Available data:
- Opening Delimiter -
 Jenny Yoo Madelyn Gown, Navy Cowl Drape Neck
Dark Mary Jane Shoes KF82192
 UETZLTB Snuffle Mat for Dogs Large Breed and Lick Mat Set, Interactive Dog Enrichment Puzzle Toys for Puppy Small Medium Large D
- Closing Delimiter -
- Opening Delimiter -
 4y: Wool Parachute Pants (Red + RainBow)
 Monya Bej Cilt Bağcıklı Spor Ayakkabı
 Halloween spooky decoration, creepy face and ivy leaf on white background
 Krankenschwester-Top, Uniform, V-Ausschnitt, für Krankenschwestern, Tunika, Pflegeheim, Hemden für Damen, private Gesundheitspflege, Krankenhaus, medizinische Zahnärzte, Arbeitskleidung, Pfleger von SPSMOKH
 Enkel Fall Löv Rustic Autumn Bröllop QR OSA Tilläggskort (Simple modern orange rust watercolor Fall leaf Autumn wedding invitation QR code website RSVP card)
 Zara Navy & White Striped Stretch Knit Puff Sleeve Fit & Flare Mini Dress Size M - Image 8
- Closing Delimiter -
Activity: Give back the records above exactly, limited to the lines between the one holding "Dark Mary Jane Shoes KF82192" and the one holding "UETZLTB Snuffle Mat", inclusive.

Completed task:
Dark Mary Jane Shoes KF82192
 UETZLTB Snuffle Mat for Dogs Large Breed and Lick Mat Set, Interactive Dog Enrichment Puzzle Toys for Puppy Small Medium Large D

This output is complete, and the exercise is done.